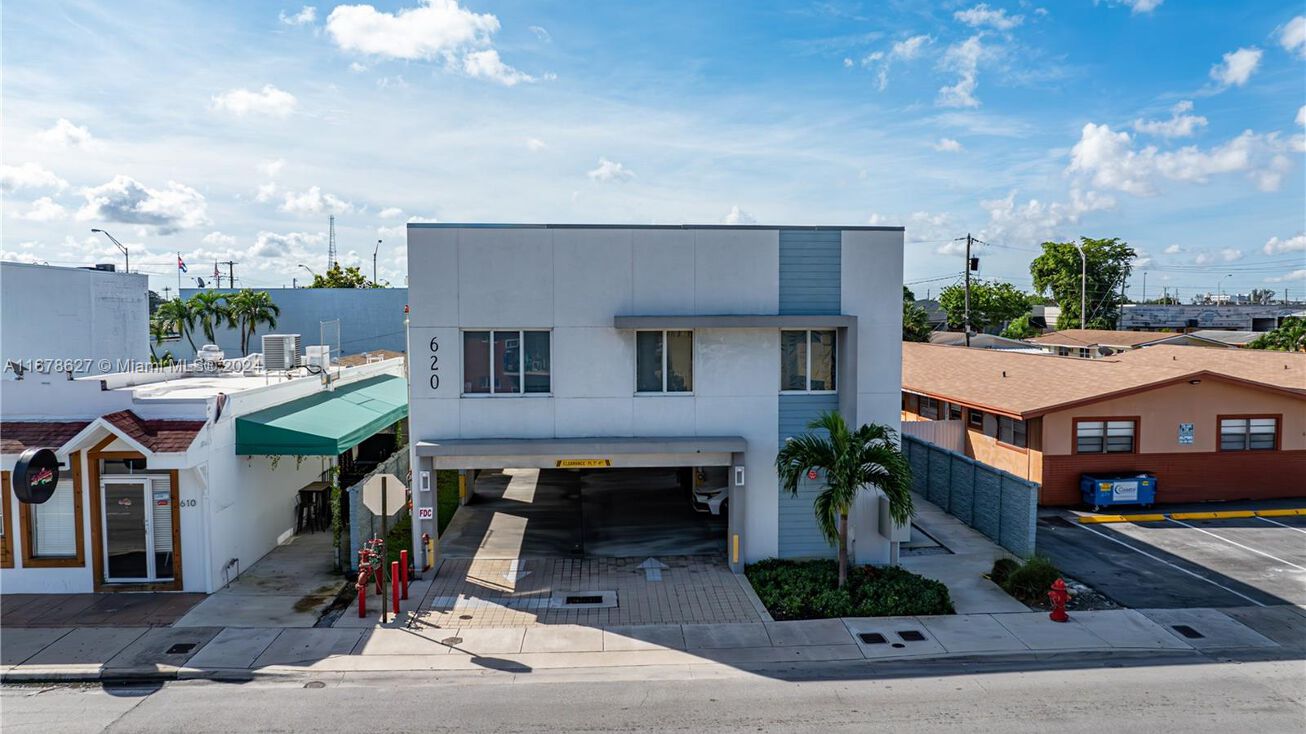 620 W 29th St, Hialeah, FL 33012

--

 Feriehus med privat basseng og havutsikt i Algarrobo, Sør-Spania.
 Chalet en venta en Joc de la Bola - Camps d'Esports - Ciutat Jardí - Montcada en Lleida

---

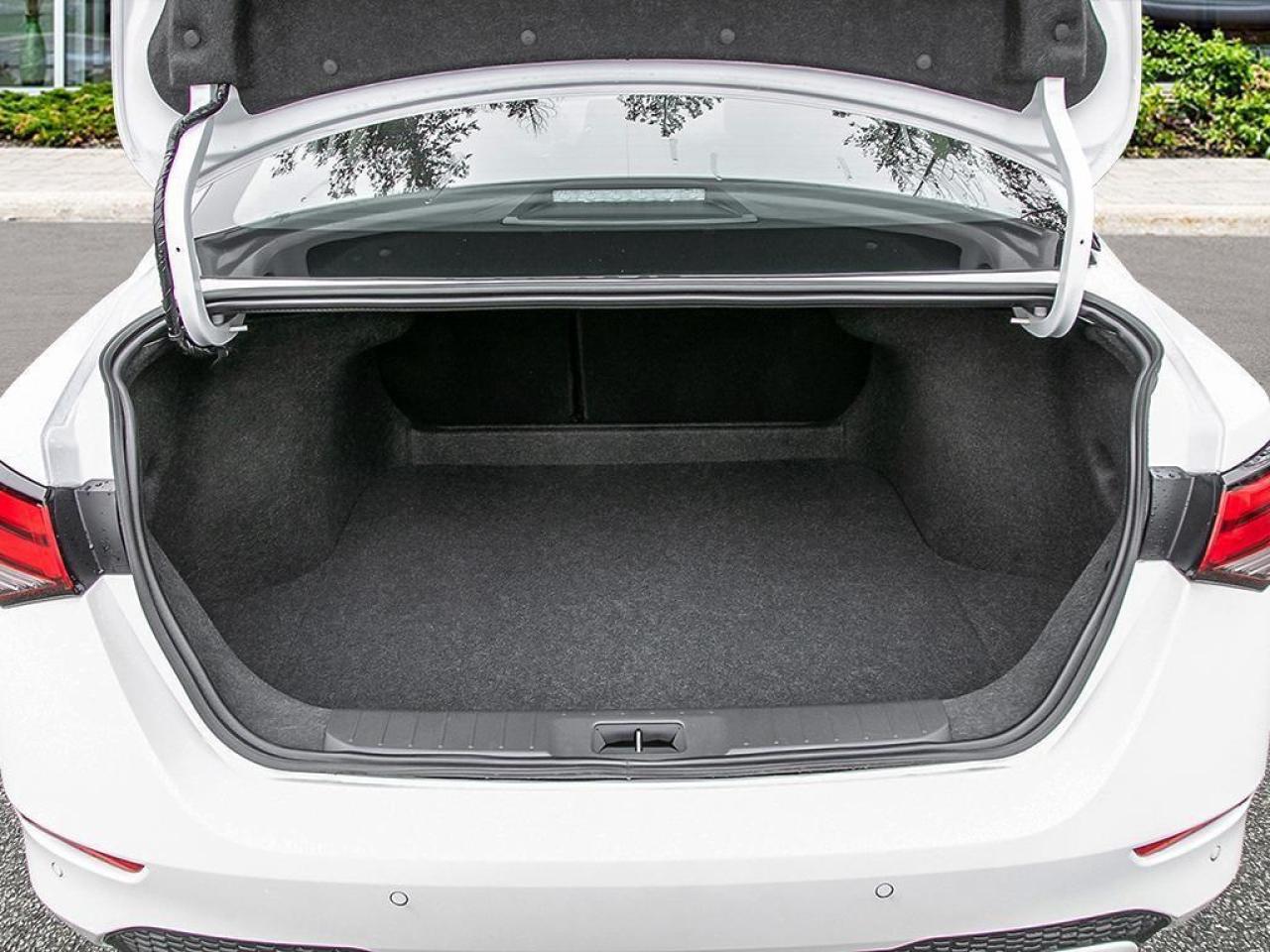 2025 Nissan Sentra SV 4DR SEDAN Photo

▶ [PROBLEM STATEMENT] Reproduce only the lines above spanning from the line containing "Feriehus med privat" through the line containing "Chalet en venta", word for word.

▶ [EXERCISE OUTPUT]
 Feriehus med privat basseng og havutsikt i Algarrobo, Sør-Spania.
 Chalet en venta en Joc de la Bola - Camps d'Esports - Ciutat Jardí - Montcada en Lleida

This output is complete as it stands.